• _EXERCISE INSTRUCTIONS_
All lines from the one containing "Split-CLOSE 26th Aug" through the end of the material below are to be printed exactly, both ends included, minus pictures.

• _DATASET SECTION_
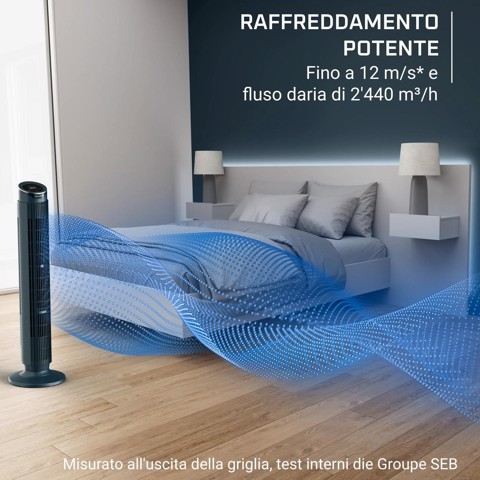 Rowenta Eole Silence Force , Ventilatore a Torre, Raffrescamento Intenso, Silenzioso, VU7050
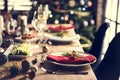 Christmas Family Dinner Table Concept Royalty Free Stock Photo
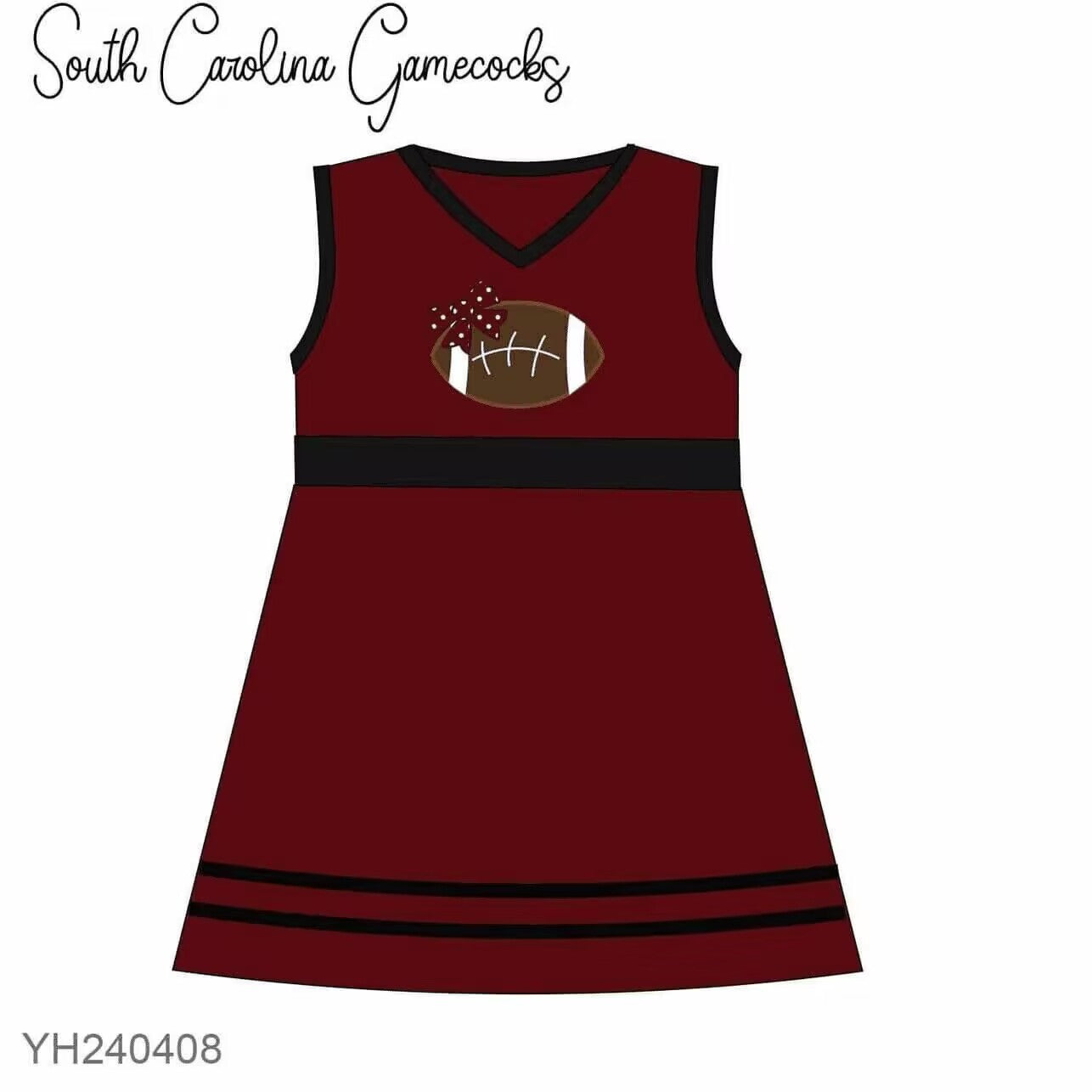 Split-CLOSE 26th Aug little girl football dress maroon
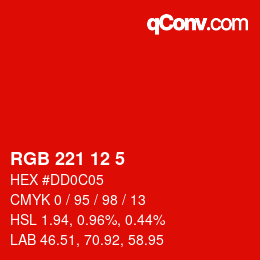 Color code: RGB 221 12 5 | qconv.com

• _SOLUTION FOR THIS TASK_
 Split-CLOSE 26th Aug little girl football dress maroon
 Color code: RGB 221 12 5 | qconv.com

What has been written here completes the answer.